I read some conflicting material in lecture slides, where one slide says you must compute the hessian matrix to determine the nature of a stationary point.
Another slide says that you only need the top left and bottom right partial derivatives of the Hessian matrix to determine the nature of a stationary point.
Can someone please clarify?
There are only 3 partial derivatives, since the cross partials are equal. The Hessian is therefore a symmetric matrix. Now, consider the symmetric matrix $\begin{bmatrix} a&b\\b&c\end{bmatrix}$. We know that the determinant and trace are the product and sum of the eigenvalues respectively. That is, $\lambda_1+\lambda_2=a+c$ and $\lambda_1\lambda_2=ac-b^2$. If we only know $a$ and $c$, we can't determine the eigenvalues, but the symmetry of the matrix means we can determine a few things about them based on their signs.

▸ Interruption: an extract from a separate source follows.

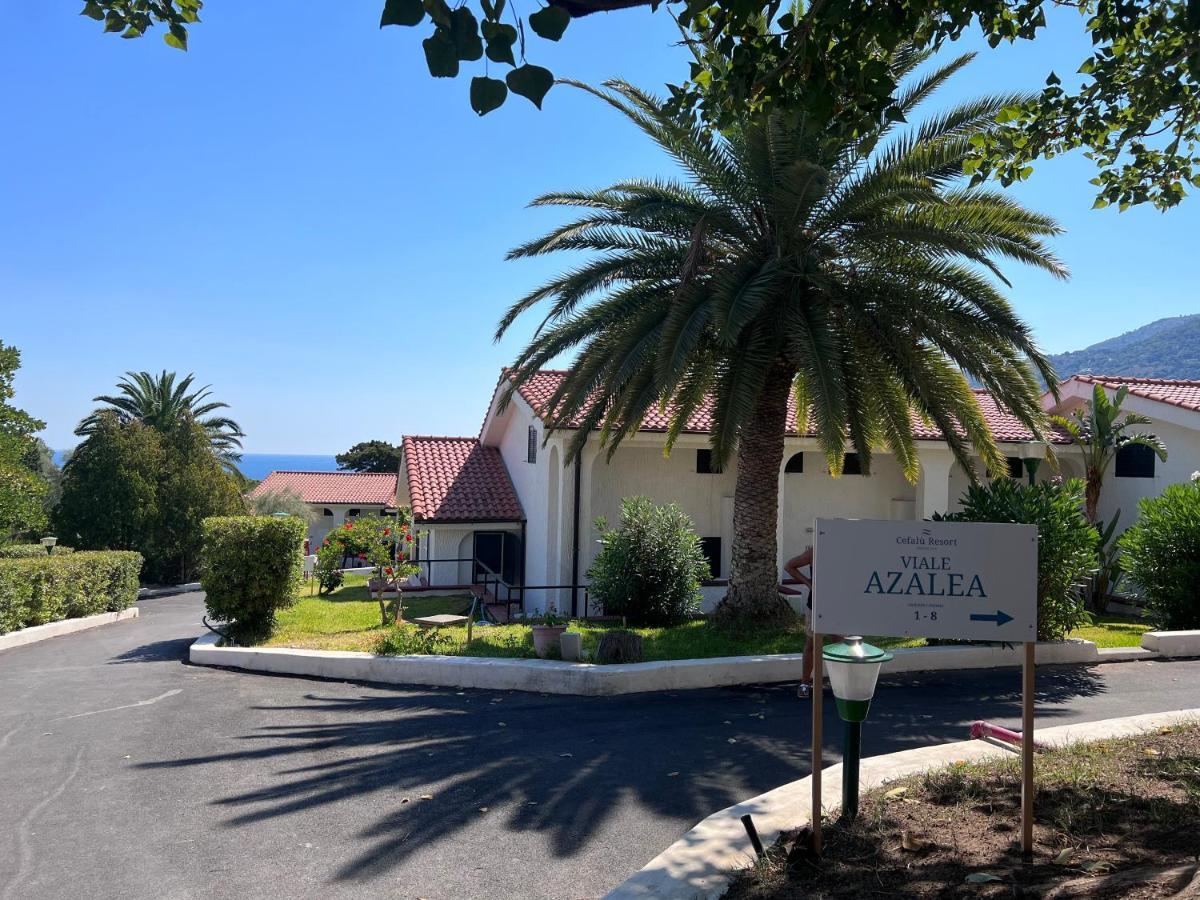 Cefalu Resort - Sporting Club Eksteriør bilde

If they are both positive (or both negative), then the trace tells us the eigenvalues can't both be negative (positive) and this critical point is not a local maximum (minimum).
If they are of opposite sign, the determinant must be negative, so the eigenvalues must also be of opposite sign, meaning the critical point is a saddle point.
This is the best we can do, as there are saddles like $x^2+3xy+y^2$ that have diagonal Hessian entries of the same sign. So in the $2\times 2$ case, there are times where you can determine the nature of the critical point just from the diagonal entries, but not in general.
For higher dimensions, if we know the diagonal terms, we can only get the weaker result that a local minimum (maximum) must have positive (negative) trace, but we don't have a condition that rules out an extremum like in the 2D case. The trace condition also requires knowing every diagonal term, not just the two corners.